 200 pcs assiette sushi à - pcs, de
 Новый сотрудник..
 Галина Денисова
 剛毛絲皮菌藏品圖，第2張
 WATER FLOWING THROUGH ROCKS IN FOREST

==

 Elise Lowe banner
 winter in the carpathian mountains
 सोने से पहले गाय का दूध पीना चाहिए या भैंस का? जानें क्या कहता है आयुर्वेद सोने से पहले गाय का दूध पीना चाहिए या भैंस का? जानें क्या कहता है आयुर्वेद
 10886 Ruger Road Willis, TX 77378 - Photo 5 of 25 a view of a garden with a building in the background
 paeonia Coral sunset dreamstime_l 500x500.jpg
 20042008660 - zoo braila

#### [TASK STATEMENT]
Begin with the line that has "है आयुर्वेद सोने" in the listing above and end after the line that has "20042008660 - zoo braila"; output those lines exactly.

#### [OUTPUT BELOW]
 सोने से पहले गाय का दूध पीना चाहिए या भैंस का? जानें क्या कहता है आयुर्वेद सोने से पहले गाय का दूध पीना चाहिए या भैंस का? जानें क्या कहता है आयुर्वेद
 10886 Ruger Road Willis, TX 77378 - Photo 5 of 25 a view of a garden with a building in the background
 paeonia Coral sunset dreamstime_l 500x500.jpg
 20042008660 - zoo braila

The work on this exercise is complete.